Google has released a new family of internally designed hardware accelerators for speeding up certain machine learning workloads on the company's cloud platform.
Google's new Cloud Tensor Processing Units (TPUs) are available for beta evaluation purposes starting this week. Each TPU comprises of four application specific integrated circuits (ASICs). A single TPU packs up to 180 teraflops of performance and up to 64 GB of high-bandwidth memory in a single board.
The boards can be used in standalone fashion or they can be linked together via dedicated network connections to form so-called TPU pods, which are basically multiple petaflop scale supercomputers for running machine learning apps, according to Google product managers John Barrus and Zak Stone. Google will offer the larger supercomputers to cloud platform customers starting later this year, the two product managers stated in a Feb. 12 blog.
Google's Cloud TPUs are designed to deliver improved cost performance for targeted machine learning workloads programmed with the TensorFlow open source software library, Barrus and Stone said. The technology will allow machine learning researchers and engineers to train, run and build their machine learning models more quickly than possible using current technology.
For instance, instead of having to wait for a shared computing resource to become available, machine-learning engineers can now get exclusive access to a dedicated Google Cloud TPU via a customizable Google Compute Engine virtual machine, the two engineers said.
Similarly, the new TPUs eliminate the need for machine learning researchers to spend days and even weeks in training a business critical model. "You can train several variants of the same model overnight on a fleet of Cloud TPUs and deploy the most accurate trained model in production the next day," according to Stone and Barrus.
Google has also made it possible for organizations to program the new Cloud TPUs without the highly specialized skills that are typically required when dealing with supercomputers and custom ASICs, they added.

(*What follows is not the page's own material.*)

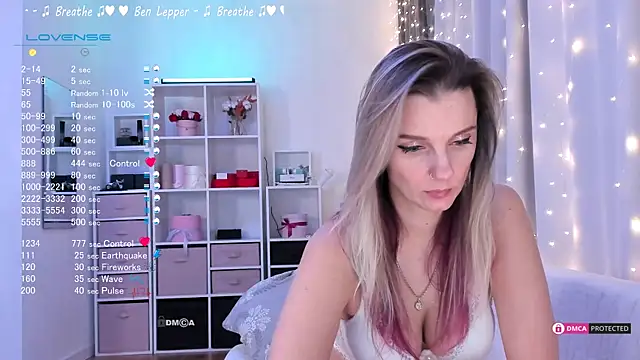 Karamelsw  online show from March 11, 2025, 11:04 pm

Google offers several high-level APIs for TensorFlow that organizations can use to get started right away.
Google also has released to open source a set of model implementations that companies can use as a reference for building programs that take advantage of the new Cloud TPUs. The reference models include those for image classification such as ResNet-50 and Densenet, one for object detection called RetinaNet and one for language modeling and machine translation.
"Cloud TPUs also simplify planning and managing [machine learning] computing resources," Barrus and Stone said. A cloud-hosted, tightly integrated, machine-learning computing cluster eliminates the need for organizations to maintain one on their premise. Such infrastructure can be costly for organizations to develop, deploy and maintain in-house.
A cloud-hosted infrastructure also gives enterprises the ability to scale up their requirements when needed and to scale it back down when it is no longer required, the Google product managers noted.